[Records contained in a dataset]
>>>
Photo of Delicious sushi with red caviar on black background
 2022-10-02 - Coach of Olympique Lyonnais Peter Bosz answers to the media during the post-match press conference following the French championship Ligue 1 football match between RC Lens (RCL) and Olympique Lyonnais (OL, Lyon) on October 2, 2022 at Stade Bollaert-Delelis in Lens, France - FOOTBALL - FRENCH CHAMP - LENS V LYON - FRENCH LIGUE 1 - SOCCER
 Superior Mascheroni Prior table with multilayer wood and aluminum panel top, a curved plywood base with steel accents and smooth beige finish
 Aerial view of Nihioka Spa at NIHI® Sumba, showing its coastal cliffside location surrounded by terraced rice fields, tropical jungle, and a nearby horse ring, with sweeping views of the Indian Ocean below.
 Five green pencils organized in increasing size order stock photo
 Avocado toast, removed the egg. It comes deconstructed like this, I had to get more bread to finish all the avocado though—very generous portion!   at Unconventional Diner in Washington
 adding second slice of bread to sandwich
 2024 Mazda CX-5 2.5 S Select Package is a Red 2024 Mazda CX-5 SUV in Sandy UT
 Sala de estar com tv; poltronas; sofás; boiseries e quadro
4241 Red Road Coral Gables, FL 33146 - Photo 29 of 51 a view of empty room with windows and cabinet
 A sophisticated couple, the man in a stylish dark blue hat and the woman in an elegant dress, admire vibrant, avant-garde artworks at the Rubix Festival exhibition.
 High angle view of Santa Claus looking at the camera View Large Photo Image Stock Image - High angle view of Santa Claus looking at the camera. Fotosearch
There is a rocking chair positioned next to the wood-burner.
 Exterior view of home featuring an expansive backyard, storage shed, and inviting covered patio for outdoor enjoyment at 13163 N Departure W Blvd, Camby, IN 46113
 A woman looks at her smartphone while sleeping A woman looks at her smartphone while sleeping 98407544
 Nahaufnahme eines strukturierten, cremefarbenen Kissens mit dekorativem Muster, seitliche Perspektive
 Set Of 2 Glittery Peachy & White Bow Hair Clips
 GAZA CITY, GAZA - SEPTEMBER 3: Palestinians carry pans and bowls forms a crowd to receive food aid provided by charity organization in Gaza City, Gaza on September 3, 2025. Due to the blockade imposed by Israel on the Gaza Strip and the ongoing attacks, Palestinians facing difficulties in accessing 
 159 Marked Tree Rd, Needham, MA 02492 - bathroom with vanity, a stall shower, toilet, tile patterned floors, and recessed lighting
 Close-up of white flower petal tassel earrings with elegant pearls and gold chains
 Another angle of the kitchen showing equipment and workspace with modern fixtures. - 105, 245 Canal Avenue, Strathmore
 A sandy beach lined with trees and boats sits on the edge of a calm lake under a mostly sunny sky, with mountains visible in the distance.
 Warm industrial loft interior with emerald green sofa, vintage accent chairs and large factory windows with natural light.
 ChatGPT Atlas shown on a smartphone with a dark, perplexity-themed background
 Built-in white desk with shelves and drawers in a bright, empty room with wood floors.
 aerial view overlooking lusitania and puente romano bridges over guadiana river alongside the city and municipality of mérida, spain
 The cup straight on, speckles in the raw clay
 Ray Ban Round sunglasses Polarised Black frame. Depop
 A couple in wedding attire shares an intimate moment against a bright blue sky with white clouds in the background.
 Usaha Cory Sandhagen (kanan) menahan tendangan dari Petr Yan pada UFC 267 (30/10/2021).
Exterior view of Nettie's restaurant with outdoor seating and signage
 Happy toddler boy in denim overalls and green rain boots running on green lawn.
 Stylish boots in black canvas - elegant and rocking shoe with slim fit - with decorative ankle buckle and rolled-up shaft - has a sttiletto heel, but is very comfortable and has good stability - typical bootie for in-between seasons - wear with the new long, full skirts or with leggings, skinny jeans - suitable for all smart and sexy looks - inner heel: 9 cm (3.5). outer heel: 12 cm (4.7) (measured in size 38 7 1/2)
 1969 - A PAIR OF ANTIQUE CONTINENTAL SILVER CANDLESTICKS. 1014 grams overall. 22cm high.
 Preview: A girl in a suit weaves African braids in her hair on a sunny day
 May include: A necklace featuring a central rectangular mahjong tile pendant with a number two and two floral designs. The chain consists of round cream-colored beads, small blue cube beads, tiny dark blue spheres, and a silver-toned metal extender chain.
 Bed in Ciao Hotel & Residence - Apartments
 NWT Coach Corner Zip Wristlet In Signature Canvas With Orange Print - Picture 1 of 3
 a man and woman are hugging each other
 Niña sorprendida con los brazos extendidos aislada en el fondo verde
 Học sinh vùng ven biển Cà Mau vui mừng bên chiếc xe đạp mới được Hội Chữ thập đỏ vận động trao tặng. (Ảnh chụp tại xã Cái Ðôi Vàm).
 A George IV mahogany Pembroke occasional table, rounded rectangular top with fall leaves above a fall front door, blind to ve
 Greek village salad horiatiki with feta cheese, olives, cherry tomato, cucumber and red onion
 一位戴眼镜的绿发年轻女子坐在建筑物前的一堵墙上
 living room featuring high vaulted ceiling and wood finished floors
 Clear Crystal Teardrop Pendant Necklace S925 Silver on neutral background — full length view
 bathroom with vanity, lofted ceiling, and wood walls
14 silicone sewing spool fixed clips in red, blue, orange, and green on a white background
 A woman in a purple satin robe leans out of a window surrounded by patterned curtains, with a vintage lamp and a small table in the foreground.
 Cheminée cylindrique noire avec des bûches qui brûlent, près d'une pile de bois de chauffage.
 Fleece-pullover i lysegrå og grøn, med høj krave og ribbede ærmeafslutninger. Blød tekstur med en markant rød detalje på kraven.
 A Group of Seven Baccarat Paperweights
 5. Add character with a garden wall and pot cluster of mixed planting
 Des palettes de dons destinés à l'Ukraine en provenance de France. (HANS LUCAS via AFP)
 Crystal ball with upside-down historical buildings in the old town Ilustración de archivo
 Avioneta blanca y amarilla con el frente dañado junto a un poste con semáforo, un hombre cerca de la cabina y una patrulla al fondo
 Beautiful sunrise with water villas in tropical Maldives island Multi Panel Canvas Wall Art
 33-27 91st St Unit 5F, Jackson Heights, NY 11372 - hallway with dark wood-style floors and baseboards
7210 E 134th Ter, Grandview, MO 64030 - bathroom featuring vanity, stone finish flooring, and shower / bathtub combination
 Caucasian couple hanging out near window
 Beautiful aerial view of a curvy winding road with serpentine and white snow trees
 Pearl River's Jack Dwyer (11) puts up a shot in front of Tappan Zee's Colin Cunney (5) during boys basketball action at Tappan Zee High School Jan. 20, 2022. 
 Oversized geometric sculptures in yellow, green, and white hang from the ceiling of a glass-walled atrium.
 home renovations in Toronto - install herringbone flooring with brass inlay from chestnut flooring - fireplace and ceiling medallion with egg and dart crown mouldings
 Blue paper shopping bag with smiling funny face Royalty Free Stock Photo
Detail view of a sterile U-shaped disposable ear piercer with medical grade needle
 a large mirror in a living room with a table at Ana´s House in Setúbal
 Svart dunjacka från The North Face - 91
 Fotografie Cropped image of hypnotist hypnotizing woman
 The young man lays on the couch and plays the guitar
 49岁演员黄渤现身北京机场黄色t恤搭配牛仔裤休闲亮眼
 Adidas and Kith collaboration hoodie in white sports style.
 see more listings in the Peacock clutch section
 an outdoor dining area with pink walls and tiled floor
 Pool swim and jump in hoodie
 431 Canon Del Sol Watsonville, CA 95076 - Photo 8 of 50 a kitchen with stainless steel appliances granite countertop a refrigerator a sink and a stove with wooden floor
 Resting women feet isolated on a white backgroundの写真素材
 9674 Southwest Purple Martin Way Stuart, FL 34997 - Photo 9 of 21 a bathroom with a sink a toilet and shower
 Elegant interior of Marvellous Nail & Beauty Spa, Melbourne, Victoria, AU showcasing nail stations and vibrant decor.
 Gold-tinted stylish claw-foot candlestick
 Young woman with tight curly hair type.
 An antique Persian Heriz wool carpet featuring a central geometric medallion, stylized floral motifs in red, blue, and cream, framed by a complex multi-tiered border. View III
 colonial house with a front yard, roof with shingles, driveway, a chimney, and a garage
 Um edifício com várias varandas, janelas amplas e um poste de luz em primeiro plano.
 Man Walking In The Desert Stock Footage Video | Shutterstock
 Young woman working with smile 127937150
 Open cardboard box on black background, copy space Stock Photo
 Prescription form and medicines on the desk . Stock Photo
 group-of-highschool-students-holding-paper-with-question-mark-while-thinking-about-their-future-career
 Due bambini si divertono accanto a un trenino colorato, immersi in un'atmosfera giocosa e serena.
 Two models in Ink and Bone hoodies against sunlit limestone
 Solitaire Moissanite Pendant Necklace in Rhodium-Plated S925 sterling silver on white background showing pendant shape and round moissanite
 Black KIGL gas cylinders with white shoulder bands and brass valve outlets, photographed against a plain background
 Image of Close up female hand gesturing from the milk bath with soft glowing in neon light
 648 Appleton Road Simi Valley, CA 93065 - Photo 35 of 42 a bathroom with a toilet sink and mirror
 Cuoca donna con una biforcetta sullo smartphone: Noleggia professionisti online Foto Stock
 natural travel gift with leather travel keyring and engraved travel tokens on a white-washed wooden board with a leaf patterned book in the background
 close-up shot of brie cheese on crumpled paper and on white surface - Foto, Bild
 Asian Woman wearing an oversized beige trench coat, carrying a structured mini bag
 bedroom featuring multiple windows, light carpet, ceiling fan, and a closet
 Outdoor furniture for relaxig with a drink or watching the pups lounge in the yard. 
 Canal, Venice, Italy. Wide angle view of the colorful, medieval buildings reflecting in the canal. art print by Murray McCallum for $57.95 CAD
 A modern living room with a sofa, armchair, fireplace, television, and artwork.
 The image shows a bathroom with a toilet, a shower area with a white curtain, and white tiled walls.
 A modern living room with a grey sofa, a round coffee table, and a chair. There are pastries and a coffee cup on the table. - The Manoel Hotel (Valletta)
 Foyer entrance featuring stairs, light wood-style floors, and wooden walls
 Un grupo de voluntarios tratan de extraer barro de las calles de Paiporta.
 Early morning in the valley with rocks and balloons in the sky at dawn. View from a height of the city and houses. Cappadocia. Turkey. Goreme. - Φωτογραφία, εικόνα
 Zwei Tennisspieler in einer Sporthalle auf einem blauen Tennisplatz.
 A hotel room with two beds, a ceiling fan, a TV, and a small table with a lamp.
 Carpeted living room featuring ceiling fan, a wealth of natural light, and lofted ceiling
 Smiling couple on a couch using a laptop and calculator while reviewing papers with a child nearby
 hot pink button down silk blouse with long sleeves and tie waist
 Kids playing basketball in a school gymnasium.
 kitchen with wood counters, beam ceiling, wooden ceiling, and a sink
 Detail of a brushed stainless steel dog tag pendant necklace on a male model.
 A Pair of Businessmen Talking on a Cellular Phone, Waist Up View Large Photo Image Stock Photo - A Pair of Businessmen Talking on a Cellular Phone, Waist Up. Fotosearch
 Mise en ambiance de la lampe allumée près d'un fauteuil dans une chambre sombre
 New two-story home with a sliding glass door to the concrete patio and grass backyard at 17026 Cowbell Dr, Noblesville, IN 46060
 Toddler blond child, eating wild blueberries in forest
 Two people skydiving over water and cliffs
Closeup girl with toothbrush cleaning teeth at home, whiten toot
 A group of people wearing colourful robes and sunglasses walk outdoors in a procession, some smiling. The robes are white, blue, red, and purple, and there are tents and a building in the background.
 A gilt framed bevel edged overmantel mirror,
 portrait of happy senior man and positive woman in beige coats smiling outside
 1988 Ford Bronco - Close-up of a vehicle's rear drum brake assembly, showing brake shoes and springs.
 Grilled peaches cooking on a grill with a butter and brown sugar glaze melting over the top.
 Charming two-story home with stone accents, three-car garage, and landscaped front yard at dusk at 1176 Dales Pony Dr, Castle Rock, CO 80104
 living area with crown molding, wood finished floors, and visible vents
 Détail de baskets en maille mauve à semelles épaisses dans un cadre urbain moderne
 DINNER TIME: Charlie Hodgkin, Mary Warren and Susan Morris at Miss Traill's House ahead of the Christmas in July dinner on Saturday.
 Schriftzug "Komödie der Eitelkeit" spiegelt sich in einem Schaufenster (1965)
<<<
# What you should do
Whenever a line of the data above includes the word "sunny", copy that line.

# Answer box
 A sandy beach lined with trees and boats sits on the edge of a calm lake under a mostly sunny sky, with mountains visible in the distance.
 Preview: A girl in a suit weaves African braids in her hair on a sunny day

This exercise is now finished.